PROBLEM TO WORK ON.
Using only the entries below, copy exactly the lines that begin at the one with "Electronic Handbrake Switch" and end at the one with "Planet Gates Autumn", both included. Drop the pictures.

ENTRIES PROVIDED.
◇ ◇ ◇ ◇

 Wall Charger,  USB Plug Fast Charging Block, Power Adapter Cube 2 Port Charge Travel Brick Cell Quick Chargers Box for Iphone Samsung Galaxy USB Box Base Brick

◇ ◇ ◇ ◇

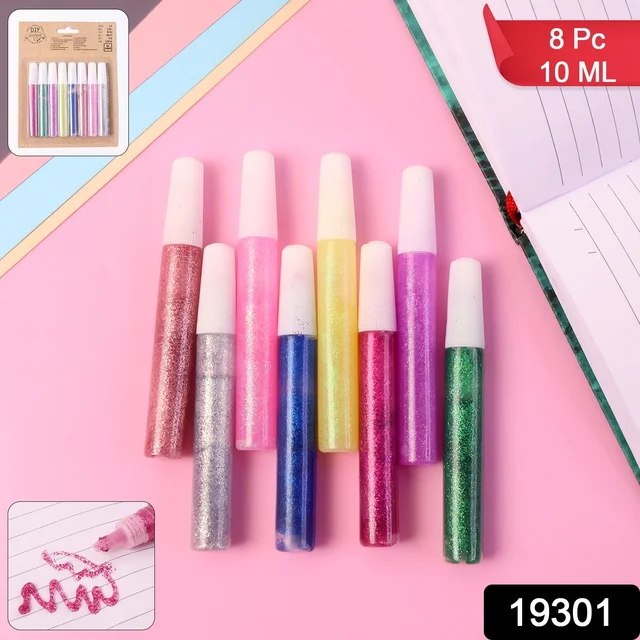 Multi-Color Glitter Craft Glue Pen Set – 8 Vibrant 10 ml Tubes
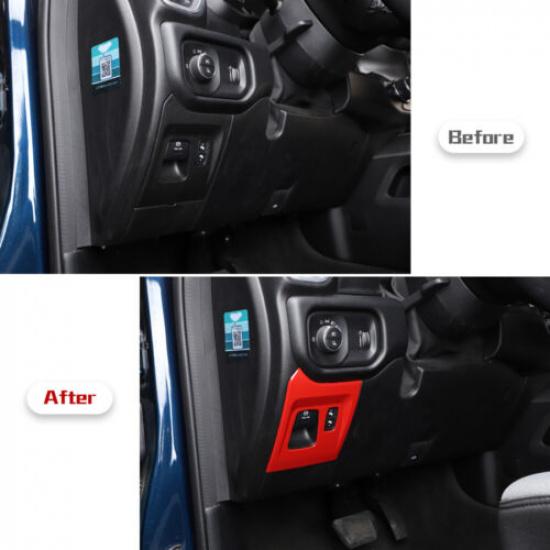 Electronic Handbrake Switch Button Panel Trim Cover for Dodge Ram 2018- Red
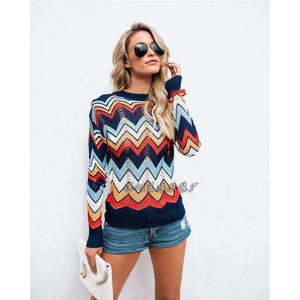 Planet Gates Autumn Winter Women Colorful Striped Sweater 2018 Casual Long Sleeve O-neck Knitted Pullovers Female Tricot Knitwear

◇ ◇ ◇ ◇

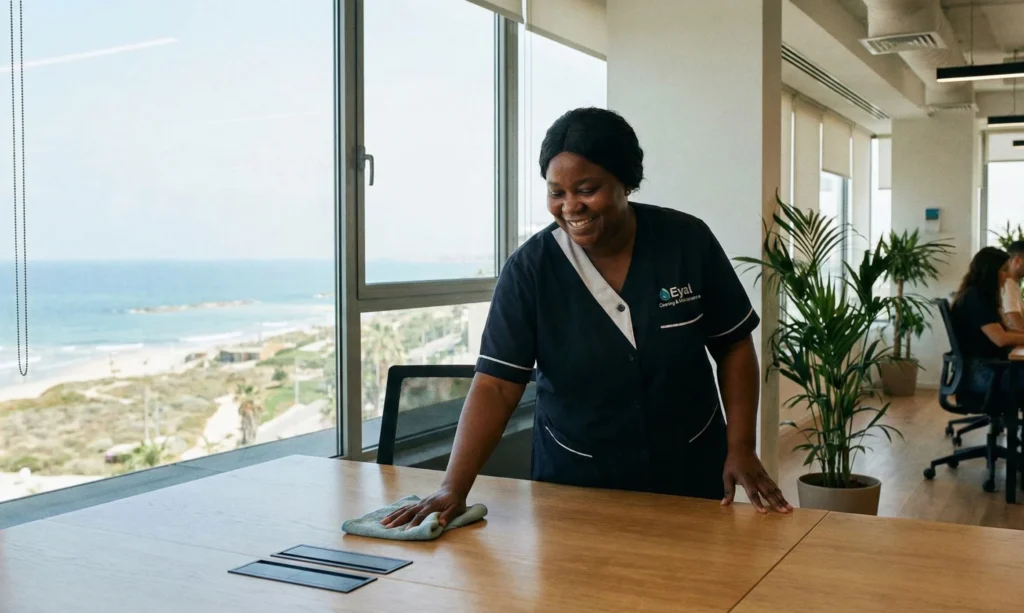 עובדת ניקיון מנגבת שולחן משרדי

◇ ◇ ◇ ◇

REPLY TO THE TASK.
 Electronic Handbrake Switch Button Panel Trim Cover for Dodge Ram 2018- Red
 Planet Gates Autumn Winter Women Colorful Striped Sweater 2018 Casual Long Sleeve O-neck Knitted Pullovers Female Tricot Knitwear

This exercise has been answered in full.